1.k. Cusco & Machu Picchu

Mise en ligne du message: je 31 mai 2007, 21h05
Mise en ligne de l'album 1.11: je 31 mai 2007, 21h05

Il fallait bien qu'une fausse note vienne un jour troubler le concert de louanges que je vous fais du Pérou. Ce moment est arrive, et c'est Cusco, ex-capitale inca et lieu mythique s'il en est, qui a paradoxalement le triste honneur d'essuyer les platres...

La ville avait pourtant tout pour me plaire, de par son histoire et sa situation geographique hors du commun: car perchee dans les Andes peruviennes, au confluent mythologique des mondes souterrain, visible et superieur de ses ancetres, celle dont le nom quechua signifie "nombril du monde" garde en ses murs de nombreuses traces de son glorieux passe, malgre les destructions ayant accompagne l'arrivee des Espagnols en 1534.

C'est d'ailleurs une Plaza de Armas encore deserte et baignee dans la magnifique lumiere du petit jour qui recueille mes premieres impressions, forcement positives, en ce matin du 6 novembre. Les colporteurs et vendeurs en tous genres etaient encore couches... Cela n'allait effectivement pas durer, car quelques heures plus tard, apres avoir pris mes quartiers dans une modeste auberge (El Mirador del Inca, joli nom n'est-ce pas?) conseillee par Angel, me voila assailli de toutes parts: souvenirs, bibelots, visites guidees de la ville, tarot, massages des pieds, propositions d'excursions, taxis, restaurants en tous genres et j'en passe. Parlons-on, des restaurants: impossible ou presque de mettre le grappin sur un etablissement proposant de la nourriture du pays, au milieu de toutes ces gastronomies occidentales (je finirai finalement par trouver la perle rare). Quelques petites vieilles rabougries, descendues de leur montagne en costume traditionnel, font de l'oeil aux photographes, agrippees a un lama fourbu. Je ne peux m'empecher d'imaginer ironiquement l'armailli, de bredzon vetu, exhibant sa Marguerite toute chenayee sur la place Georges-Python de Fribourg, en quete de quelques pieces. Une analogie pas aussi absurde qu'il y parait, en fait, Cusco etant un peu la Gruyeres peruvienne: une carte postale sans ame, une enveloppe vide.

Vous me trouverez sans doute bien severe (surtout les Grueriens :-p), et certaines circonstances exterieures ont peut-etre radicalise mon jugement. Le fait de me retrouver soudainement seul apres ces nombreuses semaines "en famille"? Possible.

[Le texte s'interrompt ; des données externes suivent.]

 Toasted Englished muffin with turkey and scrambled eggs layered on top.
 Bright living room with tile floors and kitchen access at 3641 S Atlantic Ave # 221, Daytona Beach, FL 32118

Il se peut aussi que la meteo ait negativement influe sur ma perception de l'endroit, car le soleil a vite fait place a une pluie tenace et de plus en nourrie, ce qui n'a pas manque de bousculer mes projets de balade a velo dans la Vallee Sacree toute proche. Quitte a finir mouille, j'ai alors opte pour une journee de rafting (activite reputee dans la region), mais celle-ci est egalement tombee a l'eau (...). Du coup, apres quelques timides visites de la ville et du musee local (tres interessant, ne crachons pas non plus dans la soupe), j'ai rapidement reporte mes espoirs sur la randonnee de cinq jours en direction du Machu Picchu. 

Mon choix s'est arrete sur le trek denomme Salkantay, une variante encore peu courue du fameux Chemin de l'Inca (ou Inca Trail en anglais). Troncon mythique de l'immense reseau de communication que les Incas avaient etabli dans tout l'Empire, ce dernier est effectivement l'objet d'un commerce un peu trop juteux a mon gout, malgre les restrictions mises en place depuis quelques annees. Oubliez vos projets de partir en aventurier a la decouverte de la citadelle perdue, tel Esteban a la recherche des Cites d'Or (clin d'oeil aux trentenaires)! L'acces au Chemin de l'Inca ne pouvant desormais se faire que par le biais d'agences autorisees, il vous faudra sagement suivre le guide, apres vous etre deleste des 300 a 400 dollars vous donnant le droit d'en disposer. Tout ca pour dormir parmi plusieurs dizaines d'autres (riches) touristes occidentaux, et terminer votre periple au milieu d'une interminable file indienne. Aaah Corinne et Marc, je vous envie parfois d'avoir decouvert le Monde (ou du moins le Perou ;-)) quinze ans avant moi!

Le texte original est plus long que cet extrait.